The pattern is durable because the Worker has no state of its own — it is a stateless function that runs on a schedule. If it fails, the next run picks up where it left off; if you change the schema, you redeploy the Worker without losing any data. The Shark Snip data layer uses this pattern for nflverse weekly refreshes and for The Odds API hourly polls.

Supabase scheduled functions via pg_cron

If your data already lives in Supabase, the simpler pattern is pg_cron running inside the database. You write a SQL function that fetches and upserts rows, you schedule it with one line, and Postgres runs it on the cadence you specify. No Worker, no extra service.

The tradeoff is that pg_cron jobs run inside the database connection, so long-running fetches can hold a connection longer than you want. For light hourly polls of small endpoints it is the cleanest option; for heavy multi-megabyte pulls, a Cloudflare Worker is more polite to the database.

Browser-triggered refresh with smart caching

The third pattern is the lowest-infrastructure of all: refresh data when the user opens the tab, but only if the cached copy is stale. A 30-line wrapper around fetch() that checks IndexedDB for a recent copy and only re-fetches if the timestamp is old gives you a self-refreshing pipeline with no cron at all. It works great for personal models you check daily and badly for shared products where the data needs to be current even when no one is looking. The cluster sibling on daily refresh workflows in the browser compares all three patterns side by side and shows when each one wins.

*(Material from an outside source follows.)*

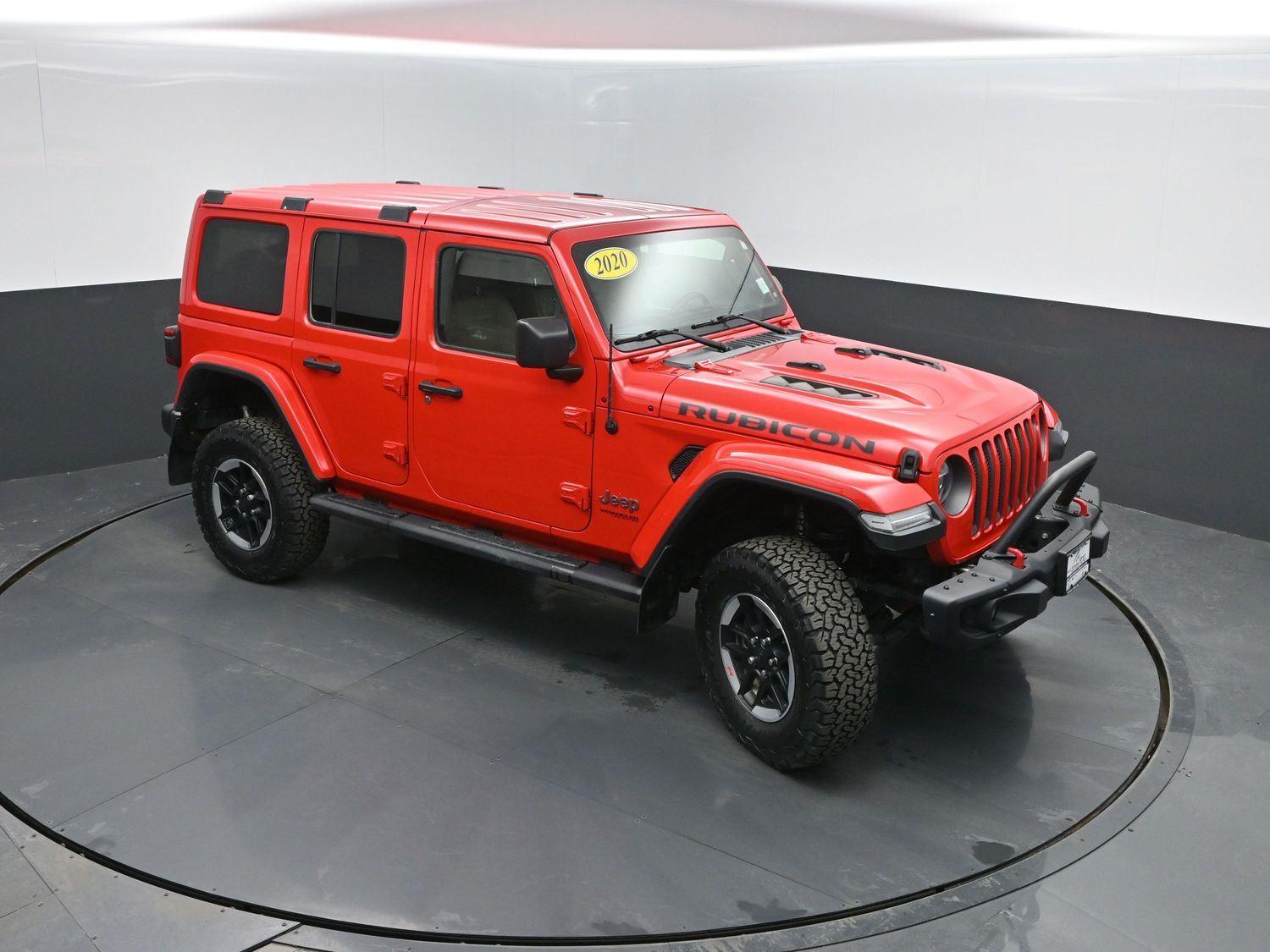 Used 2020 Firecracker Red Clearcoat Jeep Rubicon image 36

Ethical scraping: the rules that keep your pipeline alive

Most modeling-related data sources are happy to be polled politely and unhappy to be hammered. The difference between a pipeline that runs for years and a pipeline that gets blocked in a week is almost entirely about how it identifies itself and how often it asks.

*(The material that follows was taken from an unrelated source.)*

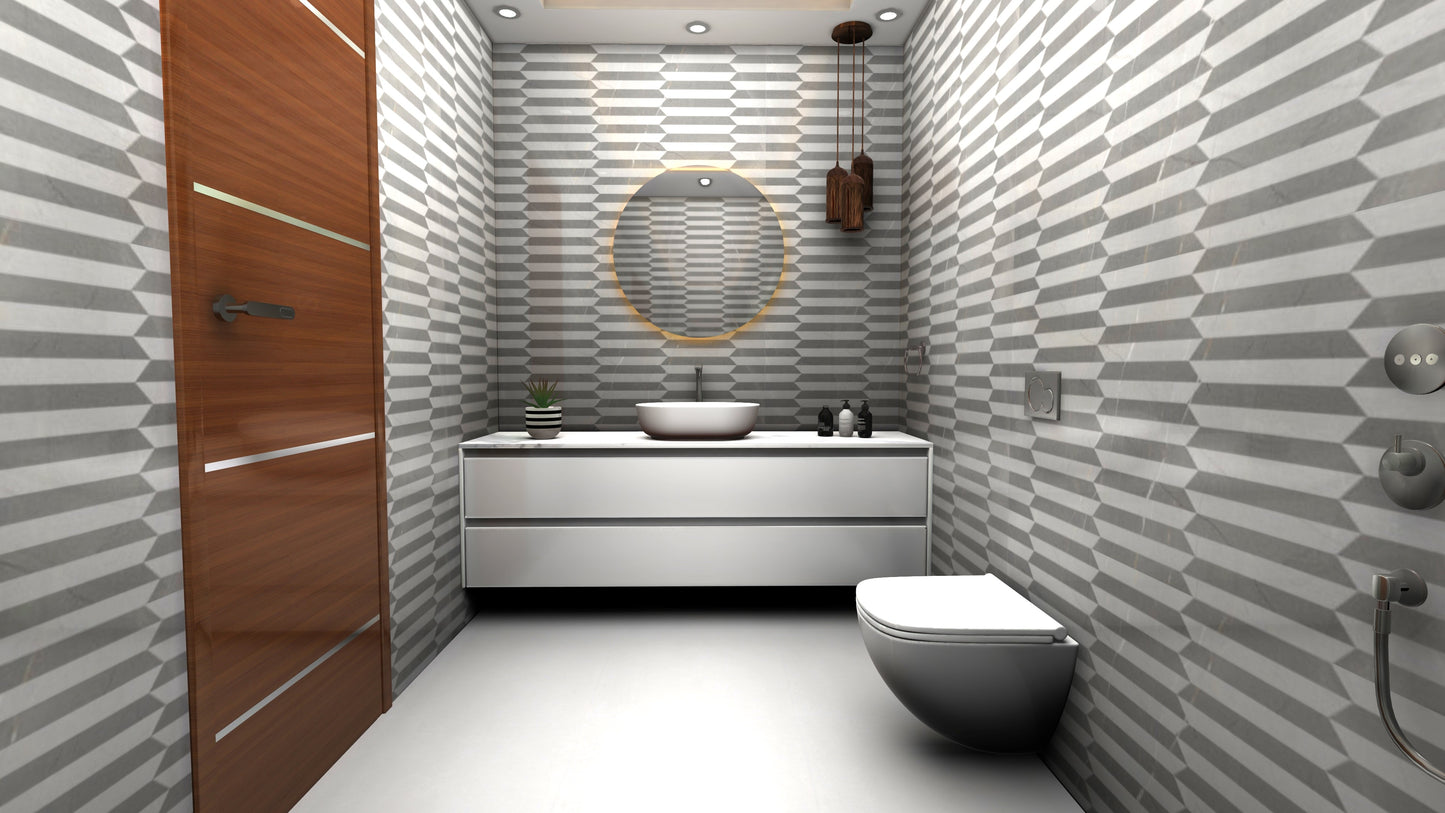 Adraino Grey Decor Fp (Carving)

Read robots.txt and respect it

robots.txt is the source operator's documented preference about how their site should be crawled. It is not legally binding everywhere, but ignoring it is a fast path to being blocked and a slow path to a lawsuit. The Pro Football Reference example above is typical: a published crawl delay, a list of disallowed paths, and a clear preference. Read it, follow it, and your pipeline survives.

For sources without a robots.txt, default to one request per endpoint per minute and adjust down if the source seems annoyed (rate-limit headers, 429 responses, suddenly slower responses). Default to identifying yourself with a User-Agent like YourProjectName/1.0 (contact: you@example.com) so the source operator can ping you instead of banning your IP block.

Cache aggressively, batch when possible

Every request you do not make is a request that cannot annoy the source. If you need today's NFL scoreboard, fetch it once and cache it for the rest of the day. If you need every team's roster, prefer a single bulk endpoint over thirty-two single-team endpoints when the source offers one. The Shark Snip data layer caches every external request for at least an hour by default and surfaces a cache-bypass option only in the Workshop UI for explicit refreshes.

Know when to license

The signal that you should stop scraping and start licensing is not legal — it is product. As soon as your model becomes a paid product, the cost of a feed is dwarfed by the legal risk of building on tolerated-but-unlicensed scraping. MySportsFeeds, SportsDataIO, and The Odds API all offer commercial tiers that are affordable for solo developers; pay them and sleep better. The published marketplace models that scale beyond a hobby use licensed feeds underneath, even when their first iteration was scraped.

From raw data to a feature store

Raw data is not what a model consumes. A model consumes features — engineered, time-aware, validated columns that are the same shape every week. The difference between raw data and features is the most common place where a homemade pipeline goes wrong, and the place where a feature store earns its keep.

What a feature store actually is

A feature store is two things: a typed schema for the columns your models consume, and a versioned history of how those columns were computed. The first part lets you ship a model and know it will keep getting the same shape of input next week. The second part lets you reproduce a model's training data months later — necessary the first time you need to debug why a published model went cold.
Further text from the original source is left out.